Your time with Jackie is yours and yours alone.  No one can take that from you!  Revel in the memories, dance to the music you shared and above all, take the love that you have for her and share it with the world!


I read your post and it struck a very strong cord with me. I, too, lost my beloved of 35 years to cancer just shy of 3 years ago. I feel stuck in grief mode and cannot seem to get on with my life. I keep asking myself, what life do I have without her? She was my other half, too, and I feel incomplete without her. I find myself forgetting things when traveling because she would have normally had those forgotten things. When my beloved BJ died, her large family disinherited me. I have not spoken to any of them in over 2 years now--not even her daughter that we raised together, nor her son who had been adopted by her sister and brother-in-law, but we tried to have with us as much as possible. Then there are the 6 nieces and nephews--BJ's sister's kids--and their families, all of whom I watched from very young until Bj died. So, I suffered a double loss. In addition to this, the sister closest in age to me died just 3 months before BJ did.

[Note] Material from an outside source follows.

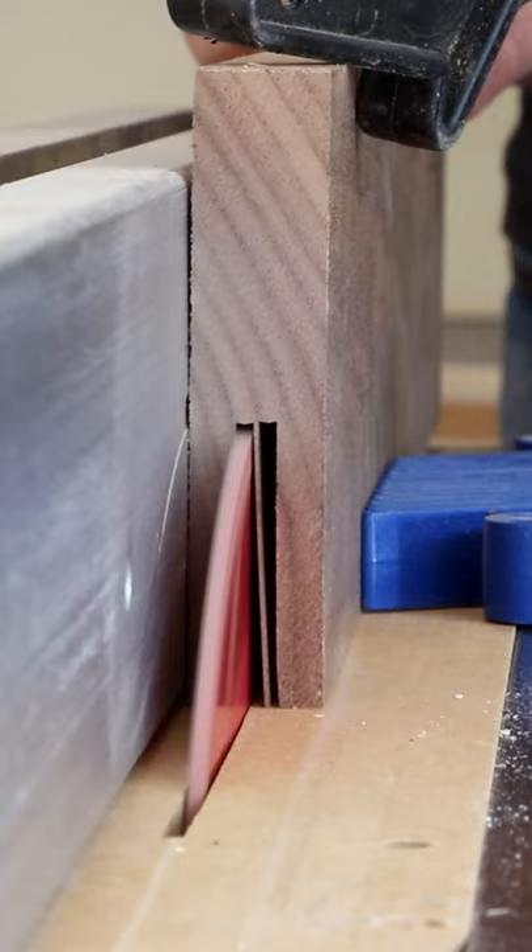I was able to flip this board around so that I could fit two strips on it. Now just cut away the strips slightly wider than the depth of the groove.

She was diagnosed with cancer in September and was gone in December, 2008. 3 huge losses. Then, this last fall, my house--our home of 25 years--was auctioned off after being foreclosed on. I now live between staying at another sister's house and my father's house, but have no home of my own (which is a first in my adult life). I feel so alone and lonely most of the time. What friends I had are mostly gone because I was involved in taking care of my ailing mother at my home where she died in 2005. BJ became sick in late 2006, so my caregiving extended to her. She also died in our home--which made it even more difficult to leave because I feel like I left them both. So, yes, Joy, I know where you're at and pray life will be gentle for you. Every day when I wake up, I wonder why I do. Most of my dreams are of my BJ and I frolicking around doing whatever it is my mind comes up with! The one (er, three) thing (s) that keep me going at all are our 3 dogs--a schnauzer, a shitzu, and a chihuahua. Without these three, I know I would not be here today. I miss her so much each and every day.